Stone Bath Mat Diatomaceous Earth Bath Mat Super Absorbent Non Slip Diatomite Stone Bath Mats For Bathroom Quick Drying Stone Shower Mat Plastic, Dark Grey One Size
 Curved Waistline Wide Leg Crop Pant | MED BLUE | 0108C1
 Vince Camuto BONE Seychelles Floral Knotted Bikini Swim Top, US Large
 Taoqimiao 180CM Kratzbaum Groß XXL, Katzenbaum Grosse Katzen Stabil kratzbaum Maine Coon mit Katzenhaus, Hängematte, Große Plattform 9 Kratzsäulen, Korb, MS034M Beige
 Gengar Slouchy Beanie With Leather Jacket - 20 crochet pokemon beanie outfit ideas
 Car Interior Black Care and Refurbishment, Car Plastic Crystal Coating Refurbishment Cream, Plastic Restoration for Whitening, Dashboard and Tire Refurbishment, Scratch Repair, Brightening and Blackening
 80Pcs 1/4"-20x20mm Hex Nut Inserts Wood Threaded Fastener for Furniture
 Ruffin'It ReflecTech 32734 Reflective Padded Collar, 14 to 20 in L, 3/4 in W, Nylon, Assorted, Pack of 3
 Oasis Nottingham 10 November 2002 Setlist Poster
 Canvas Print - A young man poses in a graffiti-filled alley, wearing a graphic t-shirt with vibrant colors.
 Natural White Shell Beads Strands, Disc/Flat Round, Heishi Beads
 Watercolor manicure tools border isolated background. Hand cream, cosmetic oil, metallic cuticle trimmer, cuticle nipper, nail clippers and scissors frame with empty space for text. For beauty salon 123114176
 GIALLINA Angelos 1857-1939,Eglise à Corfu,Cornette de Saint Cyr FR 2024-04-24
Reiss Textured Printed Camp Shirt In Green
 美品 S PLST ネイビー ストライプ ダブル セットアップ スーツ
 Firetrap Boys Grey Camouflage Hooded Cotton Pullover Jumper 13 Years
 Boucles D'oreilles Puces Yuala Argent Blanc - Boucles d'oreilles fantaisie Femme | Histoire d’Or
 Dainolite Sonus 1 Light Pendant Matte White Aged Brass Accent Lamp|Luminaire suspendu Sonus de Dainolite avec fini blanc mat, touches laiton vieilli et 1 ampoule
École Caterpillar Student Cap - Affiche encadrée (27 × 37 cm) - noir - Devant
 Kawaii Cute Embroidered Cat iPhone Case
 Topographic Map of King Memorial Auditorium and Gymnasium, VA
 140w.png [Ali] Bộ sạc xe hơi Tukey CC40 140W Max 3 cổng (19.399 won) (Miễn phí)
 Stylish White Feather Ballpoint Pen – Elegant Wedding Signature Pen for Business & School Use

* * *

**Task requirements**
Transcribe each record exactly as it is written above.

**Answer space**
Stone Bath Mat Diatomaceous Earth Bath Mat Super Absorbent Non Slip Diatomite Stone Bath Mats For Bathroom Quick Drying Stone Shower Mat Plastic, Dark Grey One Size
 Curved Waistline Wide Leg Crop Pant | MED BLUE | 0108C1
 Vince Camuto BONE Seychelles Floral Knotted Bikini Swim Top, US Large
 Taoqimiao 180CM Kratzbaum Groß XXL, Katzenbaum Grosse Katzen Stabil kratzbaum Maine Coon mit Katzenhaus, Hängematte, Große Plattform 9 Kratzsäulen, Korb, MS034M Beige
 Gengar Slouchy Beanie With Leather Jacket - 20 crochet pokemon beanie outfit ideas
 Car Interior Black Care and Refurbishment, Car Plastic Crystal Coating Refurbishment Cream, Plastic Restoration for Whitening, Dashboard and Tire Refurbishment, Scratch Repair, Brightening and Blackening
 80Pcs 1/4"-20x20mm Hex Nut Inserts Wood Threaded Fastener for Furniture
 Ruffin'It ReflecTech 32734 Reflective Padded Collar, 14 to 20 in L, 3/4 in W, Nylon, Assorted, Pack of 3
 Oasis Nottingham 10 November 2002 Setlist Poster
 Canvas Print - A young man poses in a graffiti-filled alley, wearing a graphic t-shirt with vibrant colors.
 Natural White Shell Beads Strands, Disc/Flat Round, Heishi Beads
 Watercolor manicure tools border isolated background. Hand cream, cosmetic oil, metallic cuticle trimmer, cuticle nipper, nail clippers and scissors frame with empty space for text. For beauty salon 123114176
 GIALLINA Angelos 1857-1939,Eglise à Corfu,Cornette de Saint Cyr FR 2024-04-24
Reiss Textured Printed Camp Shirt In Green
 美品 S PLST ネイビー ストライプ ダブル セットアップ スーツ
 Firetrap Boys Grey Camouflage Hooded Cotton Pullover Jumper 13 Years
 Boucles D'oreilles Puces Yuala Argent Blanc - Boucles d'oreilles fantaisie Femme | Histoire d’Or
 Dainolite Sonus 1 Light Pendant Matte White Aged Brass Accent Lamp|Luminaire suspendu Sonus de Dainolite avec fini blanc mat, touches laiton vieilli et 1 ampoule
École Caterpillar Student Cap - Affiche encadrée (27 × 37 cm) - noir - Devant
 Kawaii Cute Embroidered Cat iPhone Case
 Topographic Map of King Memorial Auditorium and Gymnasium, VA
 140w.png [Ali] Bộ sạc xe hơi Tukey CC40 140W Max 3 cổng (19.399 won) (Miễn phí)
 Stylish White Feather Ballpoint Pen – Elegant Wedding Signature Pen for Business & School Use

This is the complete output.